#### Data for analysis

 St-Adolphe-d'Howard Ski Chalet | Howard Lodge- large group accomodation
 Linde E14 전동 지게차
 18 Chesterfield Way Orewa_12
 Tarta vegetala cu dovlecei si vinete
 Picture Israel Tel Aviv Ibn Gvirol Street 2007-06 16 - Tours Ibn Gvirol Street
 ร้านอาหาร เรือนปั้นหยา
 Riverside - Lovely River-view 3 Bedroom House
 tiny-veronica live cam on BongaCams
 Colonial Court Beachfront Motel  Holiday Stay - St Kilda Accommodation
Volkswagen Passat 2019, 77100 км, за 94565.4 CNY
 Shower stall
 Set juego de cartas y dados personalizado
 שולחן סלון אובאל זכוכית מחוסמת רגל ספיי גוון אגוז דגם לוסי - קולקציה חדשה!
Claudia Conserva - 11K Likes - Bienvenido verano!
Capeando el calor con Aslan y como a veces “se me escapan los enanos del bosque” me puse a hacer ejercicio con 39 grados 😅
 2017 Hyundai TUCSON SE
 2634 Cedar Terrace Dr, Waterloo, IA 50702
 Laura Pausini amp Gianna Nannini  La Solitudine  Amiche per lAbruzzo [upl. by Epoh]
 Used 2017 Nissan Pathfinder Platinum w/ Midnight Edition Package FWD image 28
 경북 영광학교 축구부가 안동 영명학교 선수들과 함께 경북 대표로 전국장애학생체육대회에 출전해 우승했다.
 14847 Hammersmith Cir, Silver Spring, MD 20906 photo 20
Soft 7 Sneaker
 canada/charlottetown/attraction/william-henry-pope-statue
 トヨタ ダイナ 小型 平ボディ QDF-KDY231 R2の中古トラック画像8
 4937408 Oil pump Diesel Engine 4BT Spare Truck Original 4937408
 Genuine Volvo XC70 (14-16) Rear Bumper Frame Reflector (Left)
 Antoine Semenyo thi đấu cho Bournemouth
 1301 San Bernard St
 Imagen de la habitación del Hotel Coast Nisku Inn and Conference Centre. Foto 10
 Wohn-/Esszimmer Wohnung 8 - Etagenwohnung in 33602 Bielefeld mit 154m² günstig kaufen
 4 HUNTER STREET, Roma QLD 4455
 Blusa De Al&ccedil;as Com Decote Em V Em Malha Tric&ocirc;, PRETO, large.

########

About this task:
Give back exactly the lines from the one containing "Imagen de la" through the last line of the records.

Response:
 Imagen de la habitación del Hotel Coast Nisku Inn and Conference Centre. Foto 10
 Wohn-/Esszimmer Wohnung 8 - Etagenwohnung in 33602 Bielefeld mit 154m² günstig kaufen
 4 HUNTER STREET, Roma QLD 4455
 Blusa De Al&ccedil;as Com Decote Em V Em Malha Tric&ocirc;, PRETO, large.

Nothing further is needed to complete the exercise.